====== Provided records ======
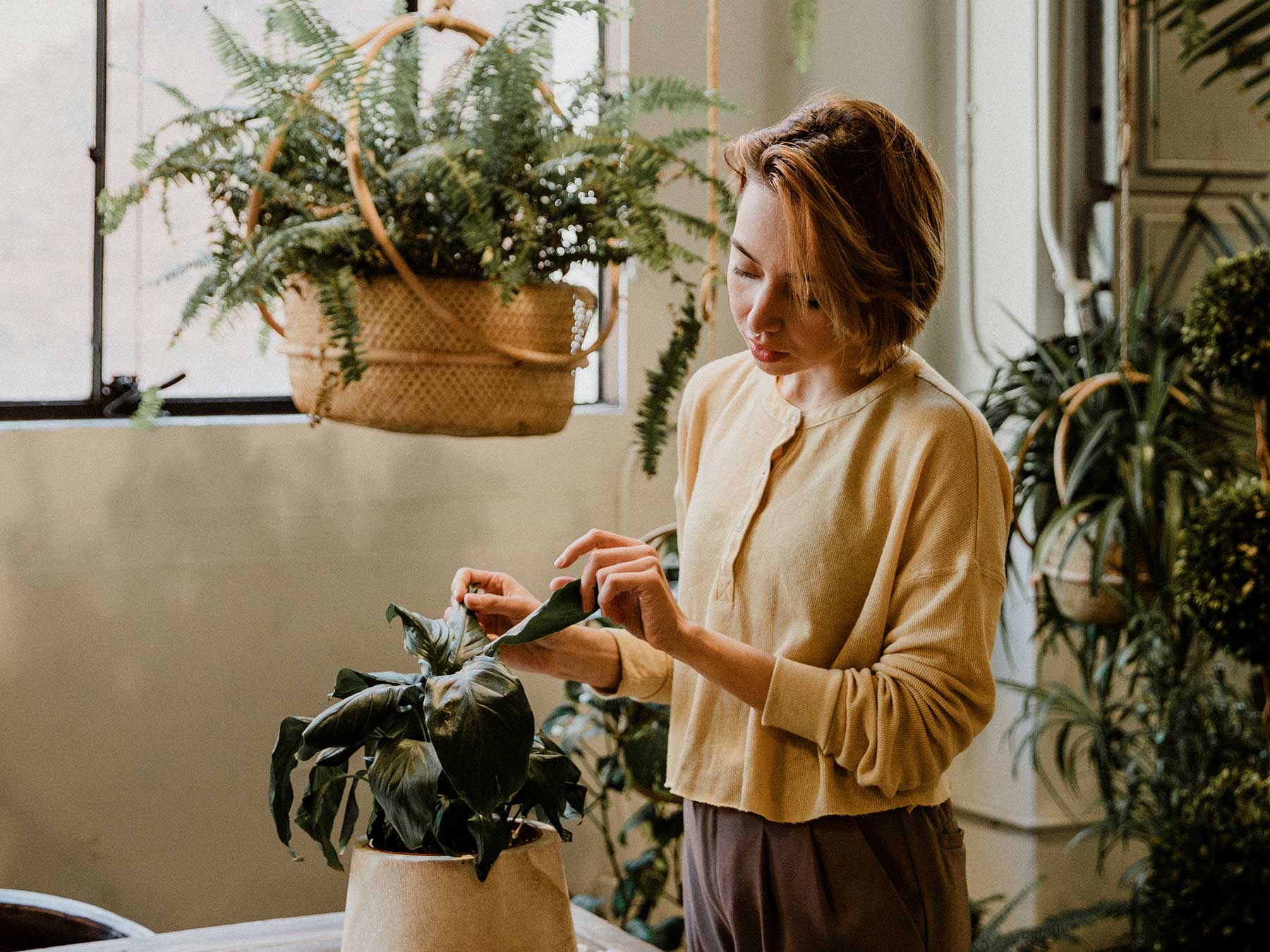 Une femme qui arrose une plante.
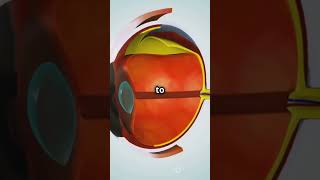 Understanding the Eye: Anatomy & Function” 👁️🔬 #doctortips #facts #neuroscientist #medicalshorts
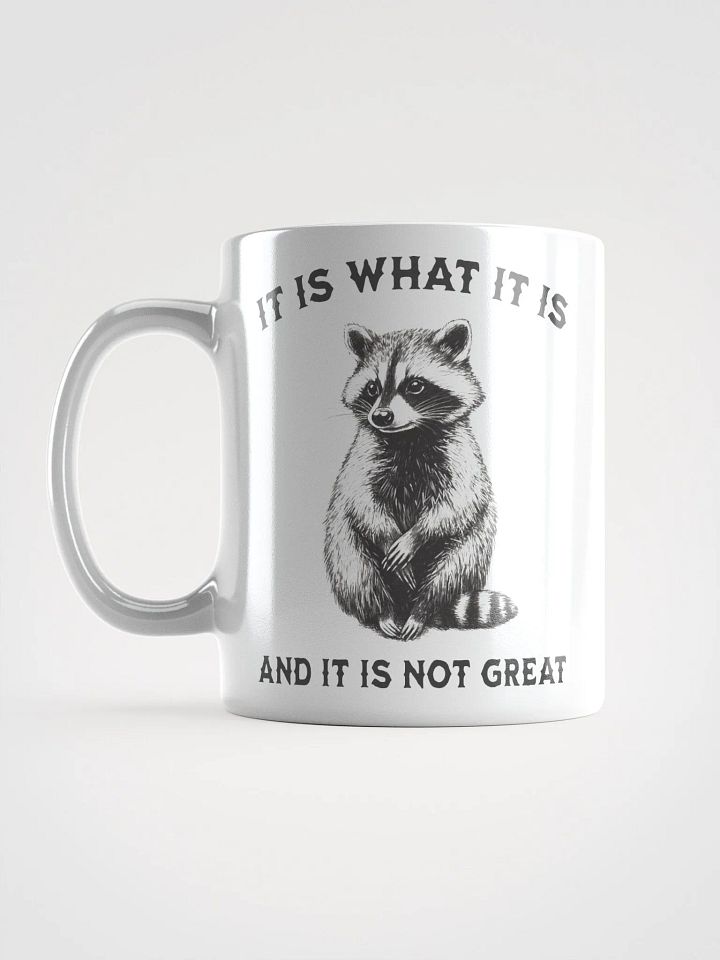 Raccoon It Is What It Is Mug product image (1)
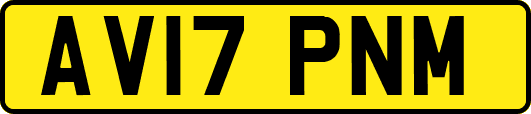 AV17PNM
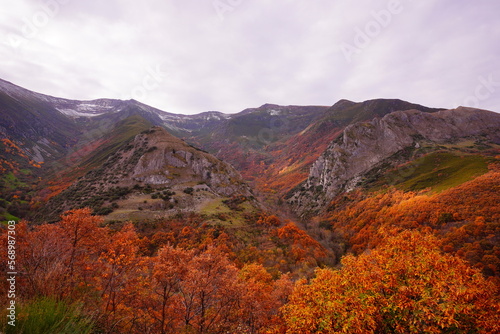Here it is how autumn looks like in a valley
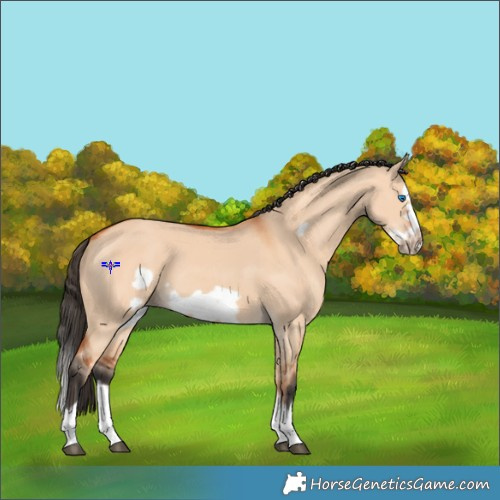 Horse Color:Bay Dun Splash Frame 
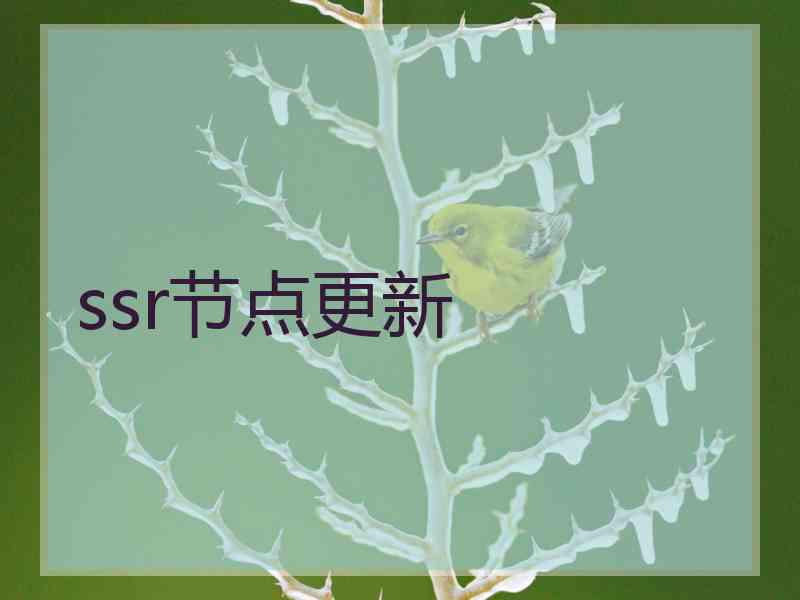 ssr节点更新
======
Work to be completed:
A faithful copy of every record is required, with no pictures included.

Expected output:
 Une femme qui arrose une plante.
 Understanding the Eye: Anatomy & Function” 👁️🔬 #doctortips #facts #neuroscientist #medicalshorts
 Raccoon It Is What It Is Mug product image (1)
 AV17PNM
Here it is how autumn looks like in a valley
 Horse Color:Bay Dun Splash Frame 
 ssr节点更新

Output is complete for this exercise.